Squirrels, raccoons, foxes, groundhogs, skunks and chipmunks all roaming freely outside the house, on the porch, in the eaves, through the gardens, and all using the compost for an all-night combo jungle gym/diner. When the dog is out there, the timeworn ritual ensues: He chases ‘em. They get away.

True, they can be a nuisance, but they’ve the same claim to their link in the food chain that we have, and we usually enjoy and respect our mutually exclusive cohabitation.
But, recently the rules changed and all bets were off. We doffed the gloves, dropped our guards, stormed the Bastilles and hit ‘em where they live — when a squirrel came into the bedroom.

If a squirrel is outside on your porch hanging from a birdfeeder and consuming six dollars’ worth of sunflower seeds in as many minutes, it’s a harmless and hungry little prankster.

But, when you are naked, half-asleep and can’t see a thing without your glasses and it runs across your headboard without warning, it becomes an incarnate nightmare, a Beelzebubbian mercenary surely sent into your house to slaughter you and your pets, then drag any sleeping child off to a treetop lair and raise it as the first Granite State Tarzan.

So, I did the normal thing. Heart racing, I jumped out of bed, grabbed every bulky thing in the room that wasn’t nailed down, and threw them into the hallway. In the grip of the Fight Or Flight Syndrome, this somehow made sense to me.

This commotion attracted my housemate in the kitchen, who naturally came to investigate, looked down the hall and watched in disbelief as pillows, blankets and her nightgowns went flying through space.

It also cleared a path for the squirrel, and it chose that moment to exit the bedroom through the legs of my approaching Sweetie, leap over the heap of lingerie and linens, and disappear down the cellar stairs.

Now, if you recorded all the eeking sounds made by all creatures great and small in all of history and hit the playback button, you’d hear the “EEK!” that shot from the lungs of said Sweetie. She complemented this sound with a twist of evasive body English I can only describe as something I’d theretofore thought anatomically impossible.

I grabbed a sponge mop and ran naked down the stairs, the dog hot on my heels.

There’s something at once comically futile and terrifying about trying to snare a wild thing that will always run faster than you can catch it.
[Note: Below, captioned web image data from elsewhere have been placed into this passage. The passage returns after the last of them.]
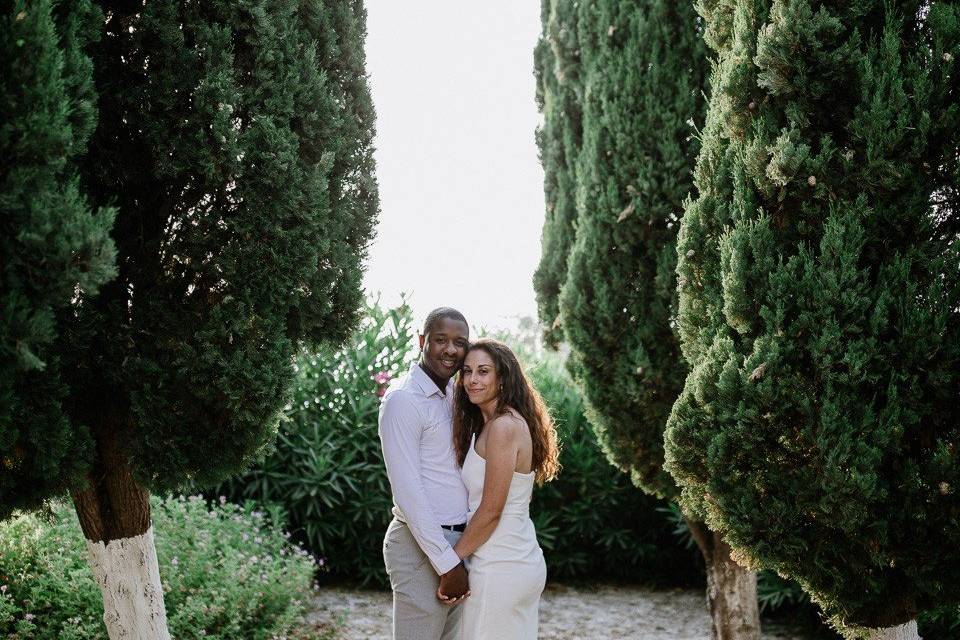 couple posing at a greek wedding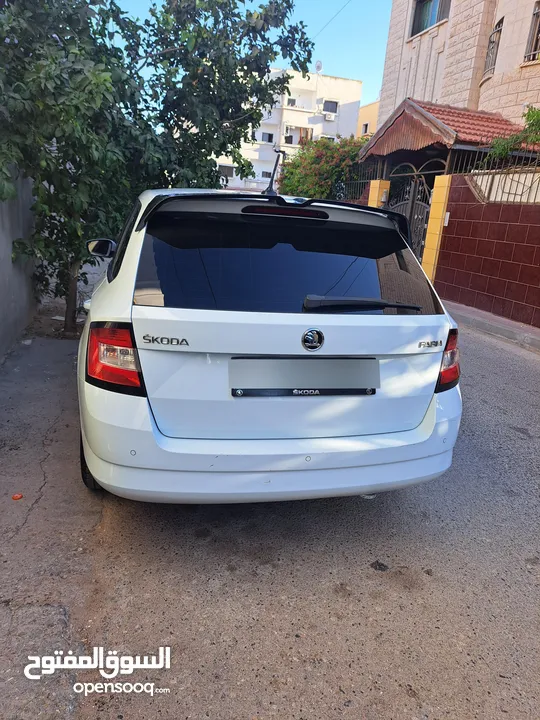 سكودا فابيا ستيشن 2018  اتومات ديزل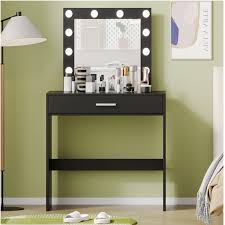 reettic vanity table with lighted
It’s like trying to chase down Superman when he was a runamok toddler and streaking through the house in one of those babyroller bumpercars — the sit ‘n scoot rolling walkers that turn your precious budding ambulator into a household pinball.

The dog snarled and pounced, I lunged and sponged, Sweetie sent periodic “eeks!” downstairs from a safe distance, and the squirrel left the house unscathed two days later after suffering through an elaborate series of diversions made up of bedspread barricades and sponge mop handle bait-sticks.

Today, at the birdfeeder — the squirrels can have all they want.

Eekonimcally, it’s the better part of valor.